To the dismay of fans the world over, in the second half of 2019, the SKX watch family was discontinued. As one may expect from a large corporation, the death of this beloved model was rather unceremonious.
In fact, no official communication was offered. Instead, a 60s-era, 27-variation watch model line was re-introduced in its place: the Seiko 5 Sports SRPD line.
The SKX’s Replacement
The modern SRPD models share almost the exact same design as the historic SKX but with diminished diving specifications. This fact ultimately served as the writing on the wall regarding the SKX’s future. It was more than clear that Seiko was moving in a different direction, a less specialized one, and the SKX’s characteristics simply didn’t fit the new mold.
With the new 5 Sports, the Japanese watch brand would still capture the masses who found the SKX aesthetically appealing.
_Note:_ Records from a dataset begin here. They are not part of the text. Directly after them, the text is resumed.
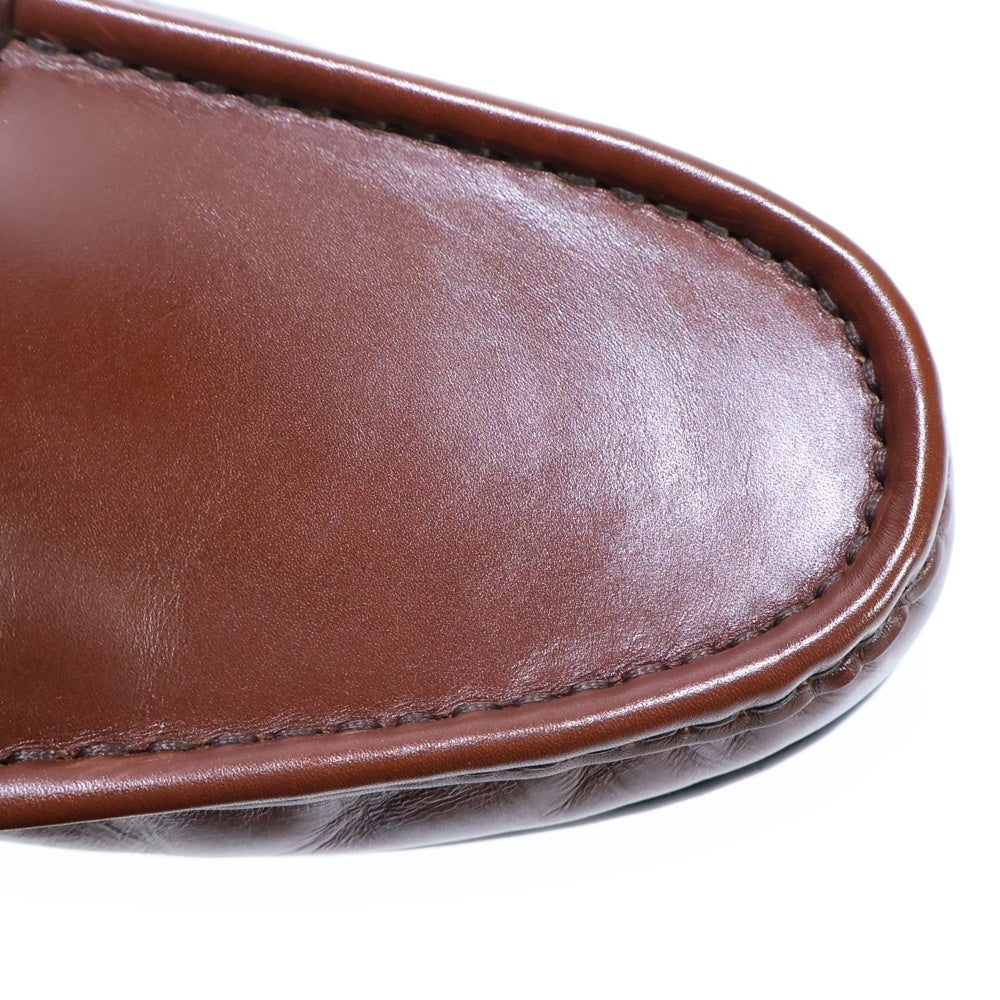 GUCCI(グッチ) ホースビット ローファー シューズ ブラウン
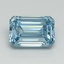 5.02 Ct. Fancy Intense Blue Emerald Lab Grown Diamond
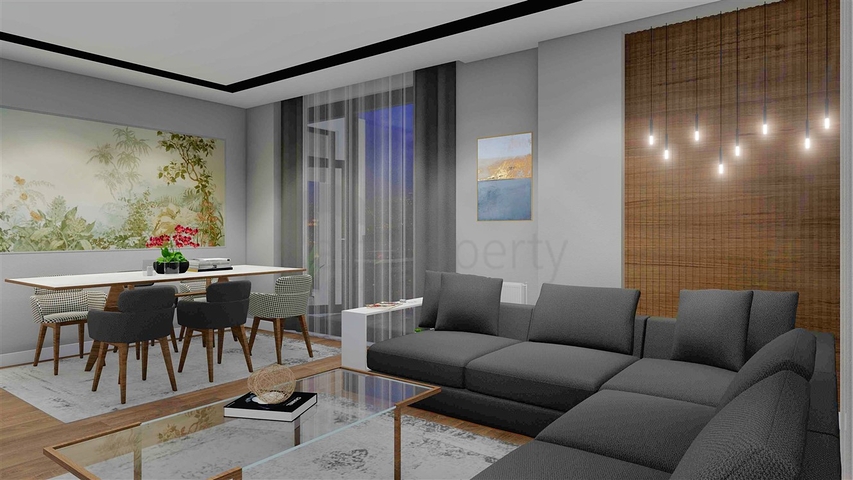 Investitionsprojekt im Bezirk Kepez - Antalya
However, by reducing the water resistance to 100M and employing a non-screw-down crown (among other changes), those individuals who wanted a serious Seiko dive watch would now be forced to look higher up on the price scale at the Prospex line. Prices for the new Seiko 5 Sports are also in the same $250-350 range which is essentially what one could have expected to pay for a new SKX.
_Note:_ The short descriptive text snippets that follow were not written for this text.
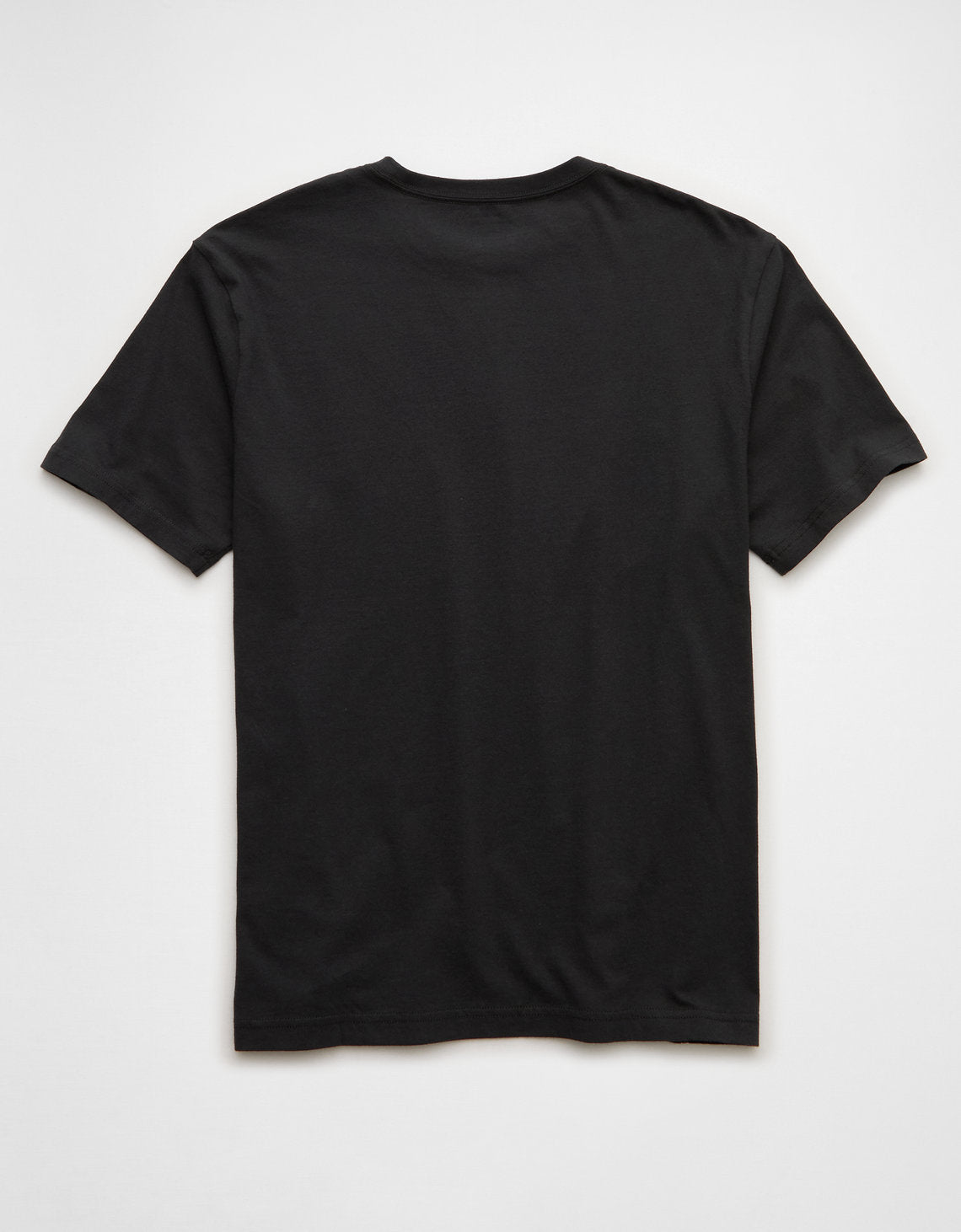 Camiseta Gráfica con Logo Ae - Negro 0181_4873_001_b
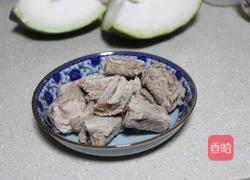 冬瓜排骨汤的做法图解2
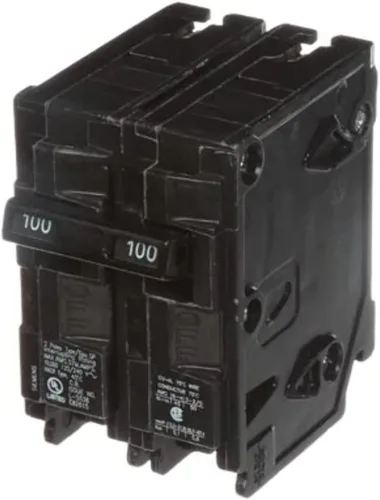 Vista 5 de Disyuntor Q220 tipo QP de doble polo de 20 amperios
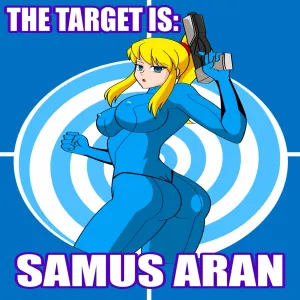 The Target Is Samus Aran - page 1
Following the same thread, 2020 saw Seiko introduce the 5 Sports SRPE, which are very similar to the SRPD though they mostly have smooth, non-rotating bezels.
The different bezel style gives the watch a more formal tone while also establishing a road map for the future: Seiko plans to continue using this tried-and-true platform while also making small tweaks in design to serve different purposes such as for special or limited-edition releases.
The SKX may no longer be in production but there appears to be plenty of stock of them in online shops. Unsurprisingly, asking prices have already increased after discontinuation but it is still relatively easy to buy a new SKX online, at least as of this writing.
Seiko SKX: Why Is It So Popular?
Even though the Seiko SKX is no longer in active production, it remains an incredibly popular watch in any of its versions.
Anyone unacquainted with the SKX may find themselves wondering which specific characteristics have helped it attain such a cult following. Below, we expand on some of the most common aspects that are mentioned when discussing the success of the Seiko SKX.
The SKX’s Design
It may seem obvious now but it’s worth formalizing: the main reason the SKX is so popular is that its looks are universally appealing.
At the heart of the SKX trend is a deep appreciation of the design and aesthetic put forth by Seiko. Yes, it’s a dive watch and dive watch models are a dime a dozen. But one could argue that the SKX is one of the reasons that this same diver “look” has become so popular.
[The Sub has been largely crowned as the main reason dive watch styles are so popular. You can read more about the Rolex Submariner’s history by clicking through to our guide.]
While indeed a dive watch, the SKX doesn’t have the traditional dive watch case shape. You’ve likely already noticed the offset crown & crown-guards at 4 o’clock, as opposed to the usual 3 o’clock placement.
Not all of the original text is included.